I had been promising and failing for the past four days. I’d tell her I would be there, but then I wouldn’t make it. This was what she didn’t want. Someone who kept disappearing. Someone who couldn’t even bother to show up. I didn’t want to be that person. I wanted to be the one who stayed. The one who’d always show up even in the dead of the night.

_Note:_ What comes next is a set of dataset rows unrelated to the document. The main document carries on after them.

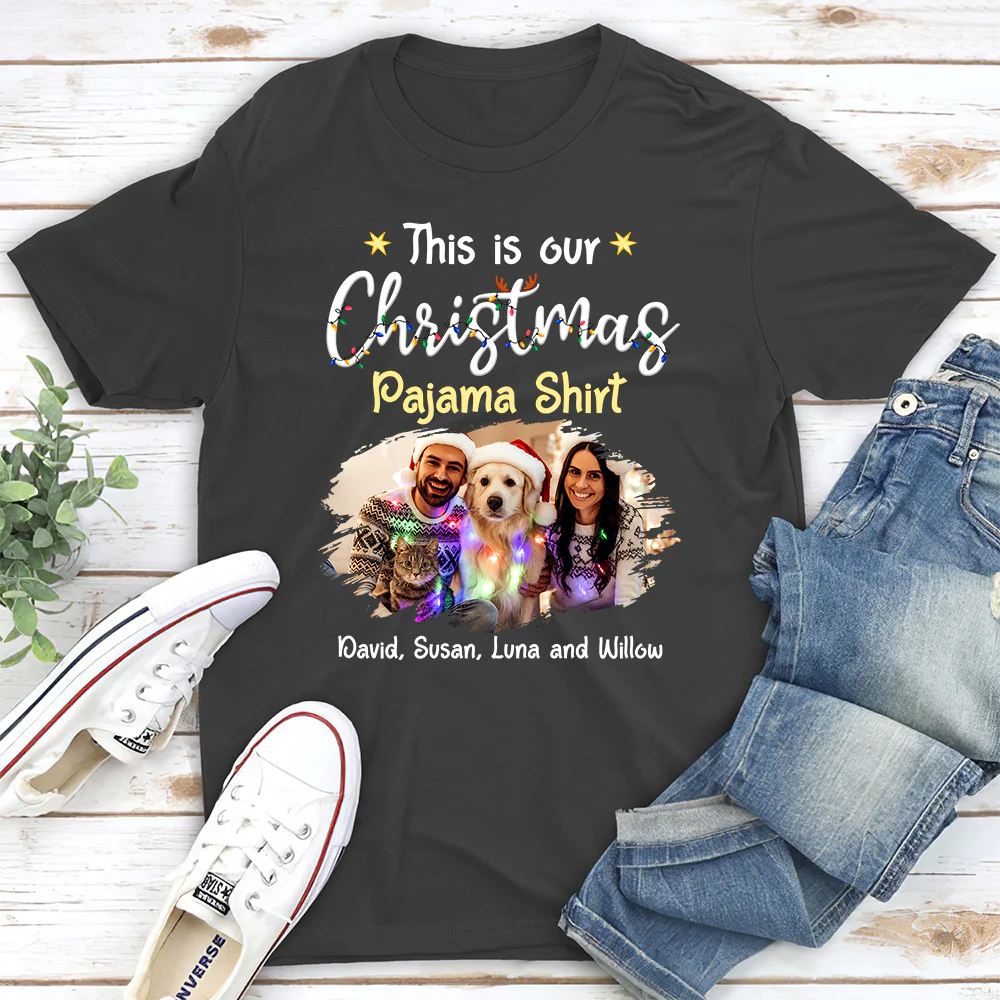 Pawjama Shirt Pet Christmas Ver Couple Photo - Personalized Custom Unisex T-Shirt - Image 3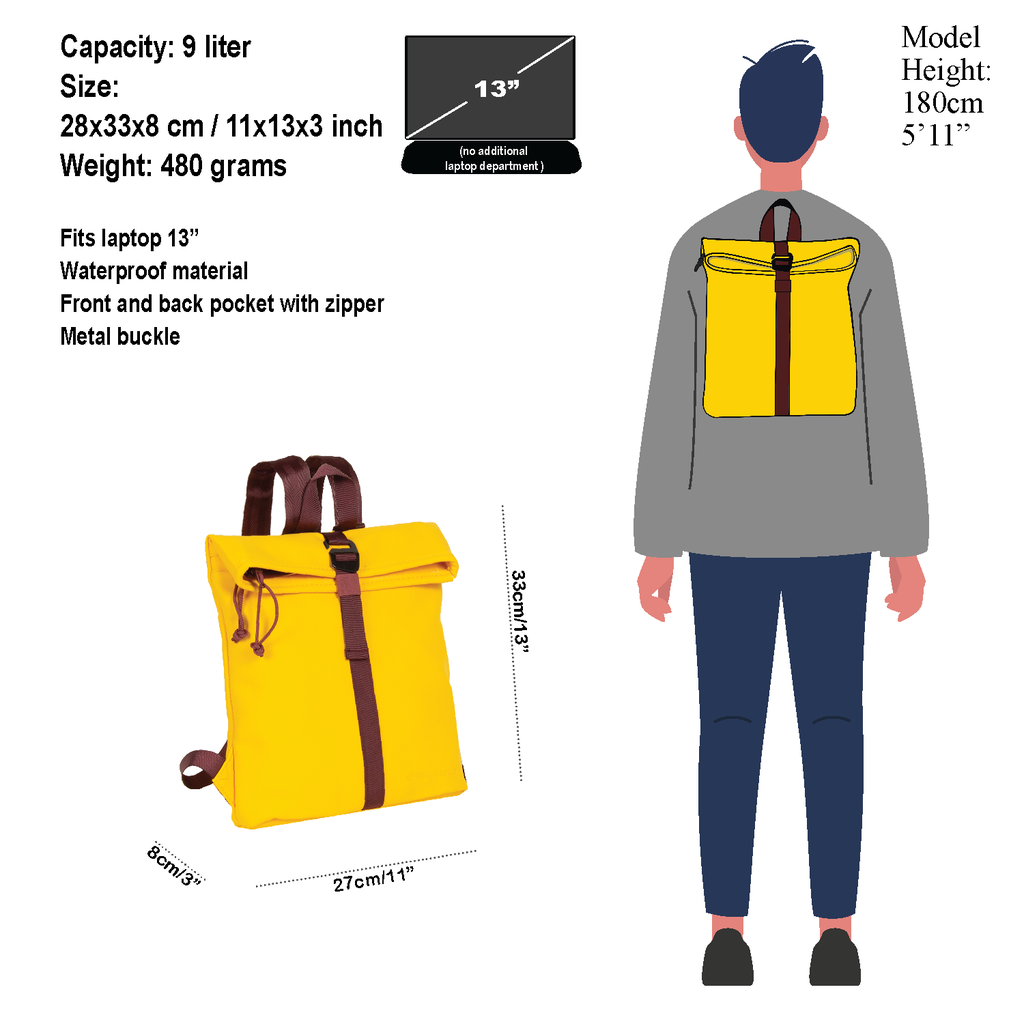 New Rebels ® Tim rolltop Backpack Small Yellow/Burgundy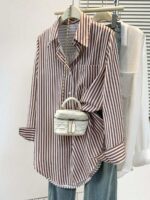 Women's Classic Striped Long Sleeve Shirt, With Collar, Front Button Design, Pocket Decor, Suitable For Office & Casual Wear In Spring, Summer, Autumn And Winter - Image 2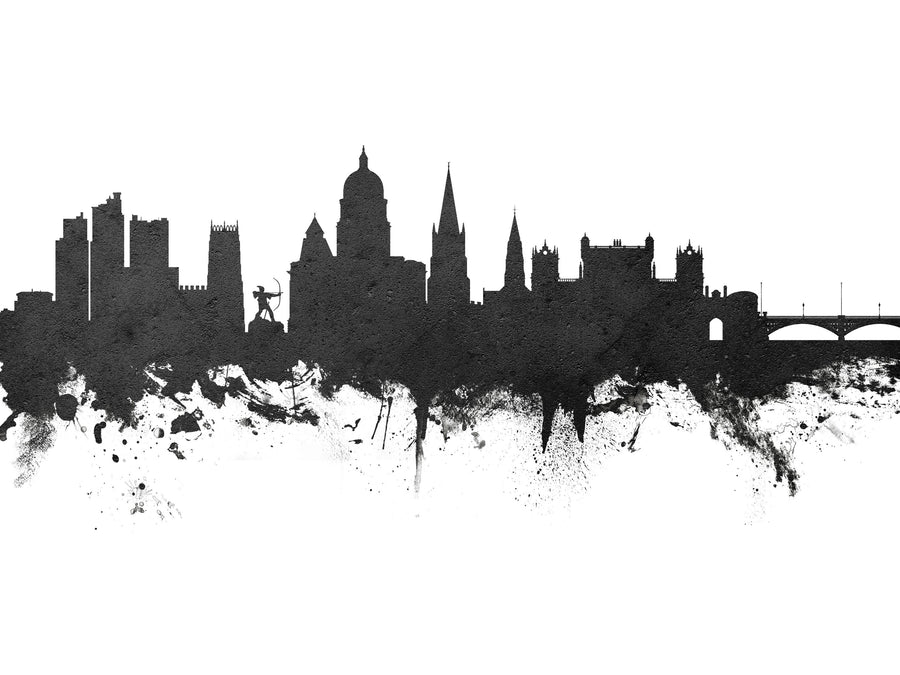 Nottingham England Skyline Black & White Mural Wallpaper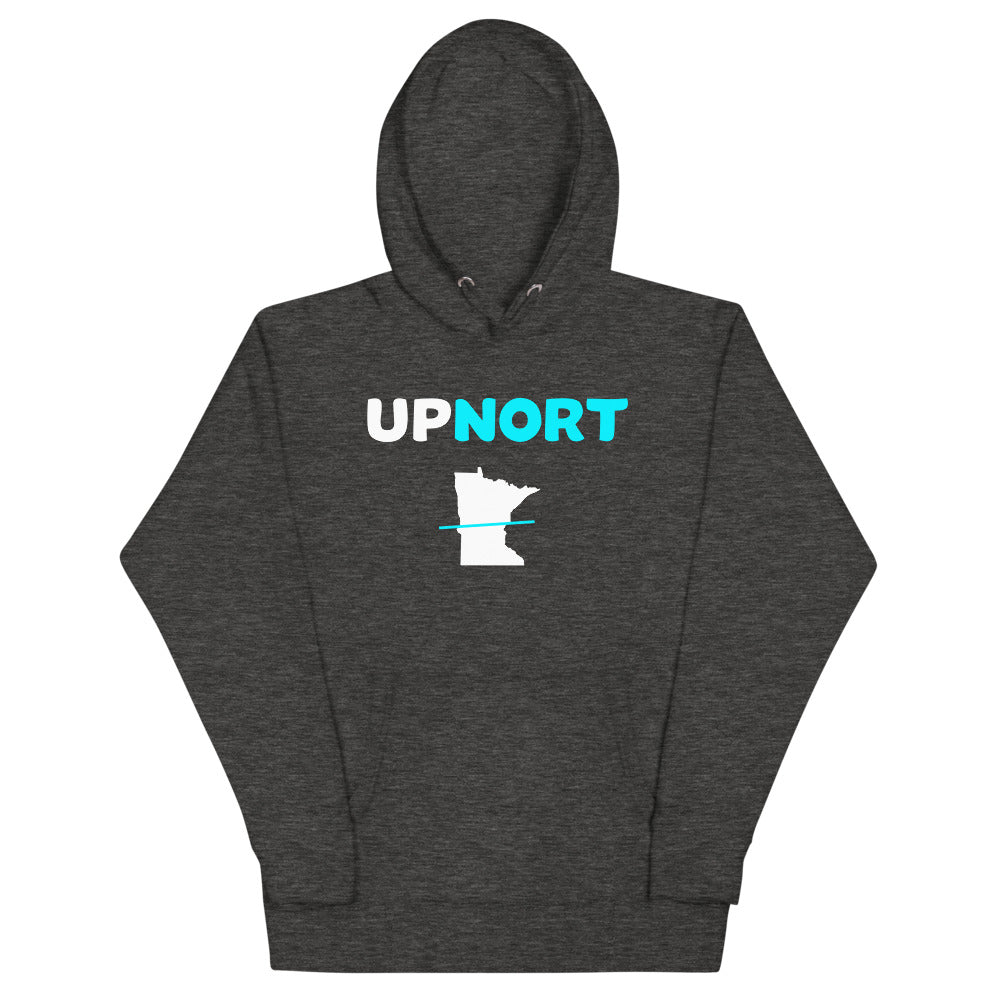 Upnort Minnesota Hoodie - Minnesota Up North With Line Hooded Sweatshirt (UP NORT) - Charcoal Heather / S - Ope Life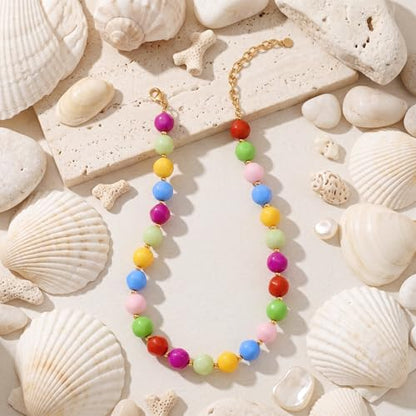 HESSAWEEL Colorful Chunky Beaded Necklace for Women Beach Jewelry | Summer Statement Choker, Adjustable Lobster Necklace, Handmade Boho Acrylic Jewelry - color: Mixed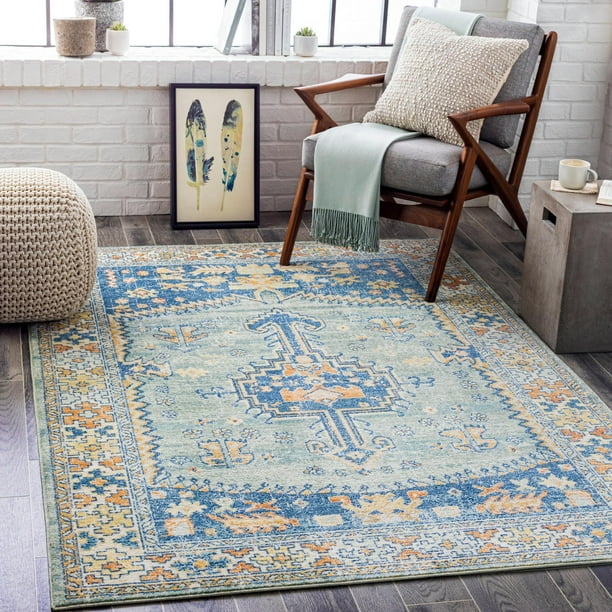 Mark&Day Area Rugs, 8x10 Balk Traditional Indoor / Outdoor Navy Area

A heavy sigh escaped my lips, my eyes snapping shut. I needed to show up. I must be there for my Elizabeth. I mustn’t disappoint her again. I mustn’t give her reasons to stop being mine.
The thought of her not being my girlfriend anymore sent a wave of anxiety twisting around my spine.
No!My eyes snapped open.
“Turn the car around,” I commanded, my tone urgent. “We’ll go to Braemont first.”
???
My Elizabeth was waiting outside the theatre when the car pulled up at the front. Her arms were folded, wrapped in arm warmers the colour of earth. I had seen her in black and dark blue. And I had noticed the pattern long before I admitted I was paying attention. She always wore them. Even with her school uniform.
I had asked her once, during our many late night conversations, and she said it was a secret. And I had wondered ever since what kind of secret made someone cling to a fabric.
She was staring at a couple taking pictures under the lamp post just a few steps away, a distant look in her eyes. Then, as though she sensed my presence, she turned the moment I stepped out of the car.
She smiled, small and cautious, like she was contemplating.
“You came,” she said the moment I reached her.
“I said I would.”
She studied me for a second too long. Then she lifted her hands, cradling my face in her palms, her warmth seeping into my skin. My breath stilled at her feverish touch, my heart racing, pounding loudly in my ears, knowing what was coming next.
She was going rise to her tiptoes, tug my face down until our noses brushed, her presence crowding my thoughts, her floral scent filtering into my lungs. My breath would stutter as her seductive eyes ran over my face, dropping to my lips, my bones trembling as though my body never learned this part no matter how often she did it.
And then, my heart would cease to beat as her lips would press against mine, warm and sure. I would freeze for half a second before melting into it, hands hovering uselessly at her side like I was afraid to do it wrong. She would kiss me for a while, maybe five minutes, maybe an eternity. Time never behaved itself when her mouth was on mine.
By the time she would break away, release me from her spell, I was already unravelling, trembling, needing more, another dose of that fire, even though I was already burning…everywhere.
We had only met four different times after I became her boyfriend. And she always did this.